◆ Exercise requirements
Scan the records below for the word "Jewelry" and give only the number of lines that hold it.

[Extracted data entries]
Start of Block

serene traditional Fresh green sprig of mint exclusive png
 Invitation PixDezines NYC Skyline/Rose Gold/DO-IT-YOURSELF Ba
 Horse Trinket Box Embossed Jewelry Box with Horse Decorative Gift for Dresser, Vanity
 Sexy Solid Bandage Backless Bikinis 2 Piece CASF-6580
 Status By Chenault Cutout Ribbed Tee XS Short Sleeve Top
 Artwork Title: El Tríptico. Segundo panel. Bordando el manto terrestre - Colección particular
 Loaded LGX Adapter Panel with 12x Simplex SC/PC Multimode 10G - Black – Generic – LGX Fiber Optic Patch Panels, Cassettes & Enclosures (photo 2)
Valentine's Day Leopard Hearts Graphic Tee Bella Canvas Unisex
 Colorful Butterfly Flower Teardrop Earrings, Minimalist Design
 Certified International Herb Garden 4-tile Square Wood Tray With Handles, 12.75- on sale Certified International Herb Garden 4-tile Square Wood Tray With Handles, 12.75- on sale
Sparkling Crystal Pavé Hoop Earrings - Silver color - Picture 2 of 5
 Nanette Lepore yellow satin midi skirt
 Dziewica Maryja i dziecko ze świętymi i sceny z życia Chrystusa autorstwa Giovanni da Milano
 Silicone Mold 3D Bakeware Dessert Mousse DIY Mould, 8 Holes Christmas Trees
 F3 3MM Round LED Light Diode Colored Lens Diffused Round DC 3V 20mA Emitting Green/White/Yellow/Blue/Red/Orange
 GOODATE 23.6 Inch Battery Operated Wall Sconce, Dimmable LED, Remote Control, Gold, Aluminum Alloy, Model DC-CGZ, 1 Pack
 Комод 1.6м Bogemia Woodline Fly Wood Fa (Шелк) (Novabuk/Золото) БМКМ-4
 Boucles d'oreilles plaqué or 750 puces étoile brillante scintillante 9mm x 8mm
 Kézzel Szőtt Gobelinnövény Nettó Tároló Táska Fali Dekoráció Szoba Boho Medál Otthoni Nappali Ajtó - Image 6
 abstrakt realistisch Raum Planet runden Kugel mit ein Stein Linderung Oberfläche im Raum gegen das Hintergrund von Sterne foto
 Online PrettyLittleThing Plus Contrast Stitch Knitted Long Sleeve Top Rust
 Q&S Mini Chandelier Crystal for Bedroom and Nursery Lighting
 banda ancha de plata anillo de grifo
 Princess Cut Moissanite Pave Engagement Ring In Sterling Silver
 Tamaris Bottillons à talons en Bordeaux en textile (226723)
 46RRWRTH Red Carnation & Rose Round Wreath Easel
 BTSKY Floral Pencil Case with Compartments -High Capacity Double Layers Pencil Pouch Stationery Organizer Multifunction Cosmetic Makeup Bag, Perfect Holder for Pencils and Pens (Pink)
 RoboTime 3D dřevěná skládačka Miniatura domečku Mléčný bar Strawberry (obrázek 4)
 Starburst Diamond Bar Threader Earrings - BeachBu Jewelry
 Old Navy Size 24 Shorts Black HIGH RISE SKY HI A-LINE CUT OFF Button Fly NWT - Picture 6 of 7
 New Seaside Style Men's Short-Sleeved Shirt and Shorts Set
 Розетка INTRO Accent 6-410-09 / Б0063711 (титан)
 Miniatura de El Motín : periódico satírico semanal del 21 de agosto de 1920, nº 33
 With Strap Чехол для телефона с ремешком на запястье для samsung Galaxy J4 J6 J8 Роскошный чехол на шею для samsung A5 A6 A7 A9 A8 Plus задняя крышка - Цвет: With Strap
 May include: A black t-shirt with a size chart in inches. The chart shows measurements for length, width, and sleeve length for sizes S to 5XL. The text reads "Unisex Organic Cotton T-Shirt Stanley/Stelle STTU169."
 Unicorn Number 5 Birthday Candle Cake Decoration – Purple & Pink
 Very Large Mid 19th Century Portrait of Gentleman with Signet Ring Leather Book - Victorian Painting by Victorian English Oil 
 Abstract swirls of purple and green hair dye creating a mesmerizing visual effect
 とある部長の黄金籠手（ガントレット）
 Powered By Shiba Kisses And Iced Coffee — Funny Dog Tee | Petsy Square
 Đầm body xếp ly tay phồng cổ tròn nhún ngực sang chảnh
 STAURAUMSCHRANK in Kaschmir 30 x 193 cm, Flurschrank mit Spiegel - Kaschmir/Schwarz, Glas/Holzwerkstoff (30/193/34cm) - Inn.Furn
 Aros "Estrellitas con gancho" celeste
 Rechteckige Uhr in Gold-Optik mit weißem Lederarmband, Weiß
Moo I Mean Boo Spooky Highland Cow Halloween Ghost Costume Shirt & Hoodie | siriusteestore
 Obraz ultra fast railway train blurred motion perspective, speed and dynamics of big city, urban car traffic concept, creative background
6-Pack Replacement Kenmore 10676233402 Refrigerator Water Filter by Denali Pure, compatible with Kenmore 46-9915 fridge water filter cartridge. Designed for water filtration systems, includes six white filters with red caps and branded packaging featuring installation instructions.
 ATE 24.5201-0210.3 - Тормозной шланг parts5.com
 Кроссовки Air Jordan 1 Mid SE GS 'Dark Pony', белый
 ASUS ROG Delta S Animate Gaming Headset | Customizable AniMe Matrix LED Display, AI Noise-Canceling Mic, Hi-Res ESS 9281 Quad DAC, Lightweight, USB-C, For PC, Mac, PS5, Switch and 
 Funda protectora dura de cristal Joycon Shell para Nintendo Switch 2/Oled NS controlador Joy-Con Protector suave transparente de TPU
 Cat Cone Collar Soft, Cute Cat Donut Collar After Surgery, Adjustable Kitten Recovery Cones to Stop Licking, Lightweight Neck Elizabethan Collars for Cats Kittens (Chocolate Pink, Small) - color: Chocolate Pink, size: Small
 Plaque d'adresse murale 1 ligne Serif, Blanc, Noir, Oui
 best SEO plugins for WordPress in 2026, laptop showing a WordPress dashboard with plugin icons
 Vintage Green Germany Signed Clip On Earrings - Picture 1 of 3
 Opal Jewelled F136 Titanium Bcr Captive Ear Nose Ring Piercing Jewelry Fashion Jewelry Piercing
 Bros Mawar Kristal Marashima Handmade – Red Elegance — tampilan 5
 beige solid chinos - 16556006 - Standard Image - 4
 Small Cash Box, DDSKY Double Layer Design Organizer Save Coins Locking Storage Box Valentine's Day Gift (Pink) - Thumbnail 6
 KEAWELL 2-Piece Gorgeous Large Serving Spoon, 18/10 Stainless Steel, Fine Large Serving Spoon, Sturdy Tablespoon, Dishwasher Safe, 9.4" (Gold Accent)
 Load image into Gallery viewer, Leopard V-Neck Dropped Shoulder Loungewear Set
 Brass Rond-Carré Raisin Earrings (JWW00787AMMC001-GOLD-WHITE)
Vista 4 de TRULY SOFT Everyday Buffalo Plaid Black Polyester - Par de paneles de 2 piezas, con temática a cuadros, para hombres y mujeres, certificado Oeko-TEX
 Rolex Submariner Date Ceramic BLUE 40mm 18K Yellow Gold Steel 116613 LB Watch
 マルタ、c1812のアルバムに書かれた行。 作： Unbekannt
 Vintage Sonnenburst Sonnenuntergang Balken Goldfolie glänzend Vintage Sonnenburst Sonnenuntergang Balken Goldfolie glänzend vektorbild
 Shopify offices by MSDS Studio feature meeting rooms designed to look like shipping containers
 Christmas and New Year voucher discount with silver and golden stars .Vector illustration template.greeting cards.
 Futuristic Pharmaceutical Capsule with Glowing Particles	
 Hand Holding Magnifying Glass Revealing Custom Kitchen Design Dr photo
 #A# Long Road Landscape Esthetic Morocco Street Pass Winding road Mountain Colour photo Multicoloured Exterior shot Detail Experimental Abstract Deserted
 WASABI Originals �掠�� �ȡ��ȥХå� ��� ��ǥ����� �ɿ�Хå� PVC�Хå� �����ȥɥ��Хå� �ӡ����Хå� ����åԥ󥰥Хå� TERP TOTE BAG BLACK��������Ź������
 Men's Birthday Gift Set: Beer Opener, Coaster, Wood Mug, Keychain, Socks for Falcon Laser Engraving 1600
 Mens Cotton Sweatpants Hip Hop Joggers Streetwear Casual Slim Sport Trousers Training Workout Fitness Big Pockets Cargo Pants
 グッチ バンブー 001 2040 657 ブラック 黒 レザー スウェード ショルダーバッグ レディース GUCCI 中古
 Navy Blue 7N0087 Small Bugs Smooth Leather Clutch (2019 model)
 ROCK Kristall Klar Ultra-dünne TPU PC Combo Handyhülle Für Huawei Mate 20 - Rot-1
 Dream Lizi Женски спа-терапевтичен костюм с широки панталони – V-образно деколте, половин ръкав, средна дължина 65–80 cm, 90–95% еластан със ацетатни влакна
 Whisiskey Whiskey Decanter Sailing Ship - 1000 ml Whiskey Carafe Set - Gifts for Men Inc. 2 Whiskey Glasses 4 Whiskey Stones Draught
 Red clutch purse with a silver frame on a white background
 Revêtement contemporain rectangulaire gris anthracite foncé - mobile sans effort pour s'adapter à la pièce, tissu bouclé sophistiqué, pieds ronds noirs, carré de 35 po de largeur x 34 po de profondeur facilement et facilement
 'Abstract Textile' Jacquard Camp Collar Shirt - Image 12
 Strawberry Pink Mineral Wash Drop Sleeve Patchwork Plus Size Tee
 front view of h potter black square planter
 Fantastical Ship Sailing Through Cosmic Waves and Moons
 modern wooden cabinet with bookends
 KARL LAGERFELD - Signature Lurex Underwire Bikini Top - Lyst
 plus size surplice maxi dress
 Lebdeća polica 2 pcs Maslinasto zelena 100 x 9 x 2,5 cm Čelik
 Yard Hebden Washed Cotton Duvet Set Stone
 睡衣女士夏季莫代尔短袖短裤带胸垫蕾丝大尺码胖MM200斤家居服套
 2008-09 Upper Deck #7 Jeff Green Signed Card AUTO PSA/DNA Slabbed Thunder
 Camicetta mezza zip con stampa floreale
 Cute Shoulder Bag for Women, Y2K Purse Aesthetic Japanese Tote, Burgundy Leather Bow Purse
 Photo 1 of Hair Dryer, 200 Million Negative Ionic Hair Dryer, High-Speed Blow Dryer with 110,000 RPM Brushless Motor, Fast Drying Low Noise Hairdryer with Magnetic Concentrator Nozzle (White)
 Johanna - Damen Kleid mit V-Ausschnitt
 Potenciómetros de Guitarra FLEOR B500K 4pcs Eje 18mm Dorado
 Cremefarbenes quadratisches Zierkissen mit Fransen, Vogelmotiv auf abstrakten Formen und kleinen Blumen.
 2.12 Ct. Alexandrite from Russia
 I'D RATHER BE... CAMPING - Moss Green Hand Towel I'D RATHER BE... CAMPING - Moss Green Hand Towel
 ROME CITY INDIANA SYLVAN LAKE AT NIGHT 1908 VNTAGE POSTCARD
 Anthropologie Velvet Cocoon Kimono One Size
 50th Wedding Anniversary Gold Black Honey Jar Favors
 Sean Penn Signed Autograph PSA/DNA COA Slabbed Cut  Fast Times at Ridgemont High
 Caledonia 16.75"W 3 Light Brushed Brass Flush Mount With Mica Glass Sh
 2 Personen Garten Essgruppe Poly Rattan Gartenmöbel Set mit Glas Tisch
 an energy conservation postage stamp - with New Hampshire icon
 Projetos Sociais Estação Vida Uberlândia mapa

End of Block

◆ Expected answer
3